Kuemerle: Right now most people are defining chiplet-based systems in a way that, unless you’re connected with some kind of more flexible interconnect, they’re aligned to the micron. Every piece that goes together in these systems, and it can have 12 different pieces, is aligned to exactly a micron. HBM is aligned to the micron. And if we defined a standard CHI interface at a regular periodicity, that is pretty interesting.

Kumar: The way to solve this problem is with a fabric that can bridge the gap. If you have a 64-bit CPU talking to 128-bit memory, how do you bridge the gap? The fabric takes care of that. This is exactly the right solution. The electrical problem is something you guys have to solve. This is black magic for us. You have to make sure that electrically, and at the link level, things are compatible. But beyond that, there has to be a configurable, flexible fabric, that takes care of all the irregularities and incompatibilities.

Yee: I would settle for a baseline standard that we know works. We’re trying to solve all the problems. Give me one that has a standard, choose AXI, choose CHI, that works. It might not be the best for every application, but it’s going to work. Once we have that, then people can start tweaking it.

Alon: We are there today. It’s not that we can’t build interfaces that work. It’s that the end customers are so confused about what to build that we will spend X amount of our time, where X is a large fraction of the total, just working with them to figure out what the heck are you even doing.

Yee: I’m talking about a standardized baseline on the protocol side. What Synopsys is doing, what Cadence is doing, what Alphawave is doing — these are all different. But if you guys were all doing a protocol layer that was similar…

Rao: We don’t have to. Synopsys has UCIe IP customers. They license our IP, they make their chiplets with our IP, so those chiplets work together. Next would be they go and partner with a third-party company and say, can you build this chiplet for me with Synopsys UCIe IP? It will work.

Kuemerle: We are simplifying the term ‘work together.’ They have been in an enclosed ecosystem.

Rao: It is not like a one company ecosystem. It’s multi company ecosystem.

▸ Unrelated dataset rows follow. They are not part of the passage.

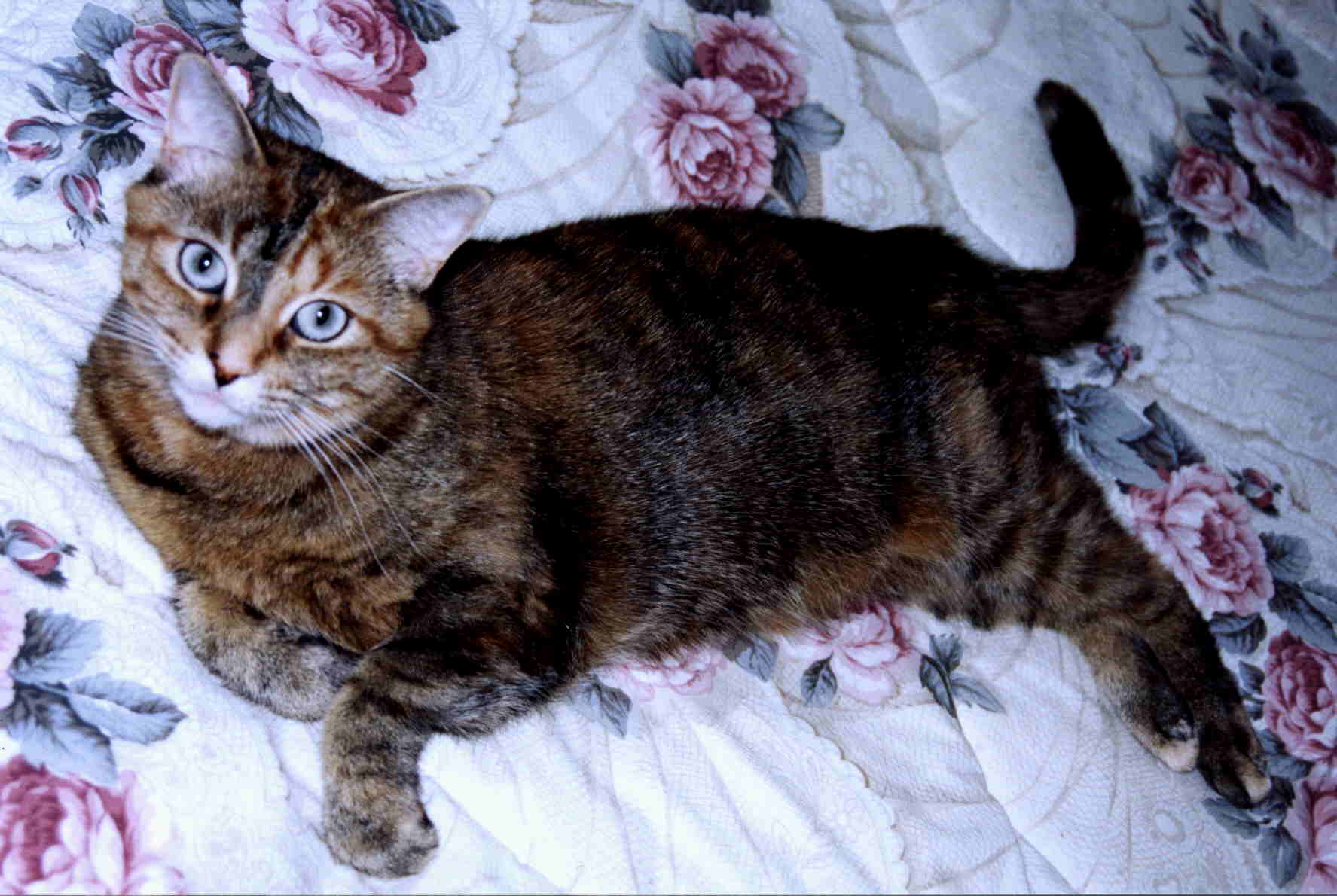 vicky-1.jpeg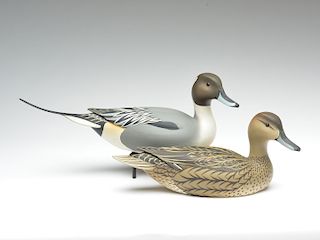 Pair of pintails, Oliver Lawson, Crisfield, Maryland.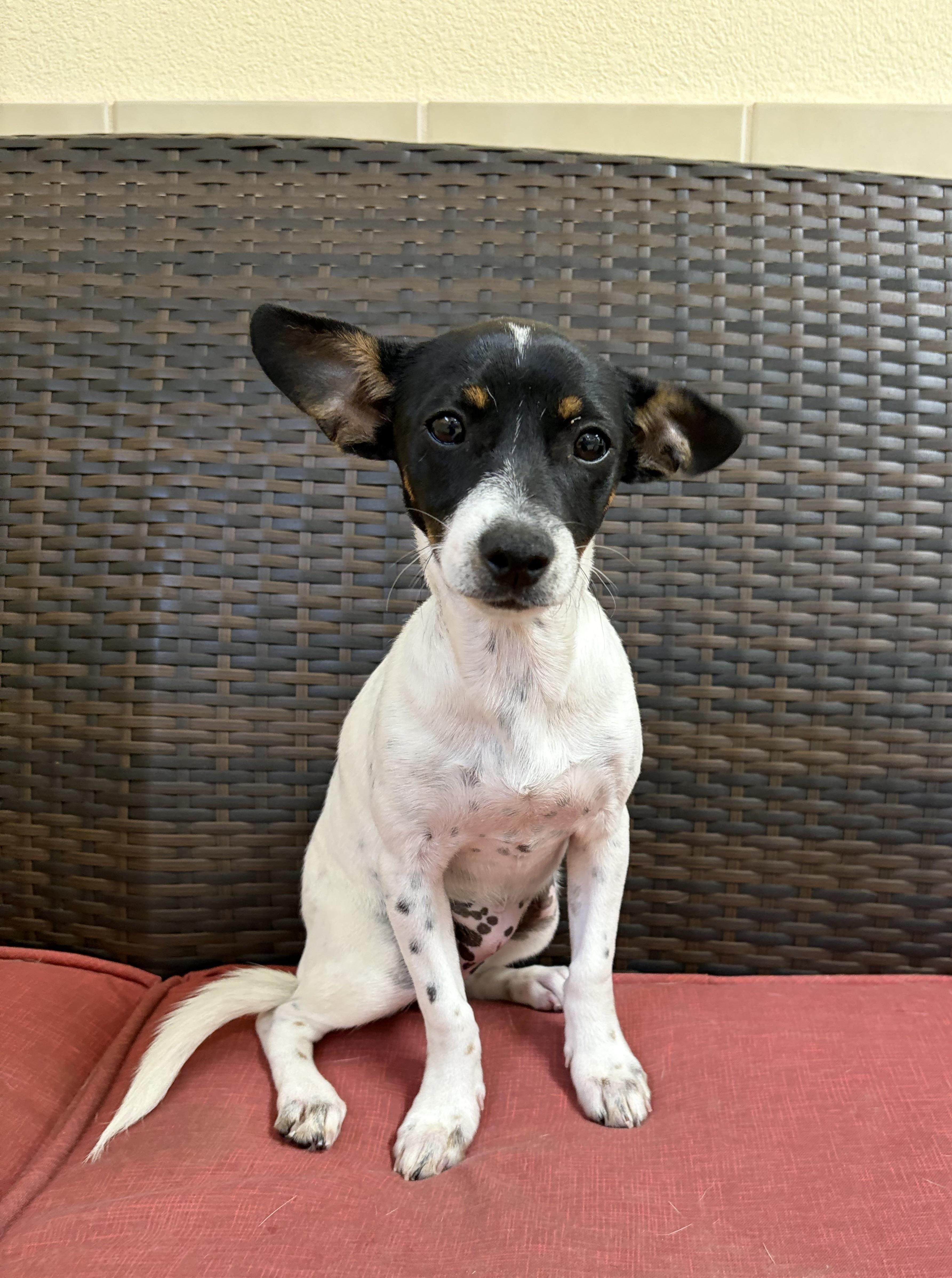 A baby small-sized female Chihuahua dog named Princess for adoption in Kerrville, TX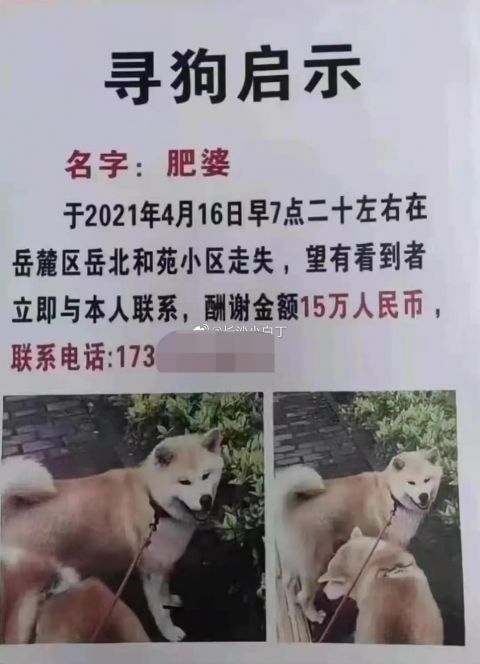 长沙一宠物犬走失,主人悬赏15万寻狗:因为有感情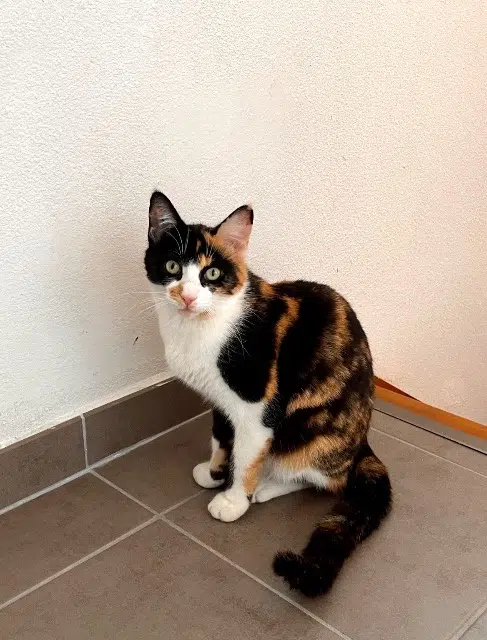 chatte lost   31170 Tournefeuille Mimi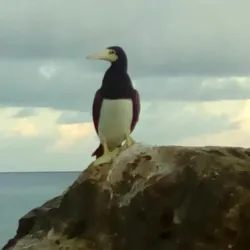 The Bluff - Cayman Brac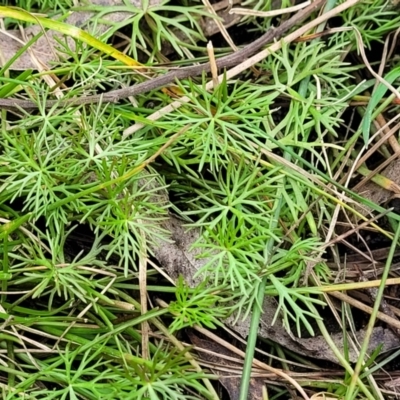 Ranunculus inundatus (River Buttercup) at Deua National Park (CNM area) - 20 Aug 2022 by trevorpreston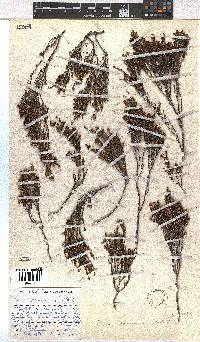 Erica dominans image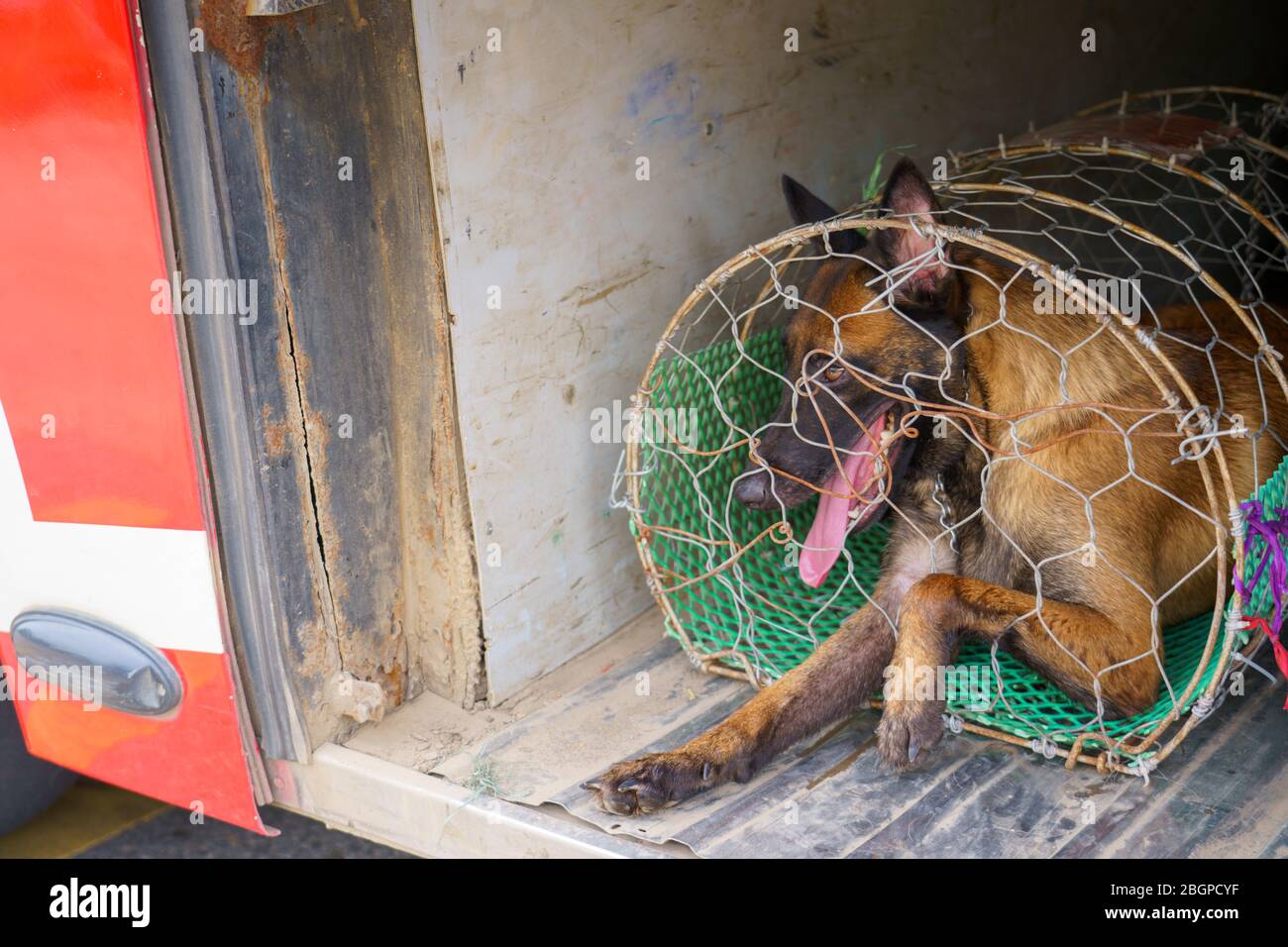 Ein Hund in einem Käfig Stauraum unter dem Bus für seziert und Hund Fleisch toten Körper Verkauf einer gegrillten für Grill Street Food von Vietnam. Das Essen ist sehr gut Stockfoto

Kuemerle: With a defined protocol layer.

Alon: In a sense, that’s the point. We all know things that are being done today, that all look exactly like this. What works today? Well, we just defined very specifically Synopsys UCIe on both sides. It was a defined specific thing. It worked for a particular product family and a product set, and that’s how we actually could engineer and execute something.

Kuemerle: Can you bring that definition to three different products in any given space? If you do that, then it becomes like HBM. I know that when I need an HBM, here’s how big it is. Here’s how much power I need to supply. They’re not exciting things, but they’re very practical. And when I know them, I can start putting the puzzle pieces together, but without them it is a free-for-all.

Rao: It will happen in the next 5 to 10 years.

Yee: We have to take away some of the flexibility that we’ve given everyone.

Kuemerle: Yes. Now you can do anything.

Yee: And if you let them do anything, they will do anything.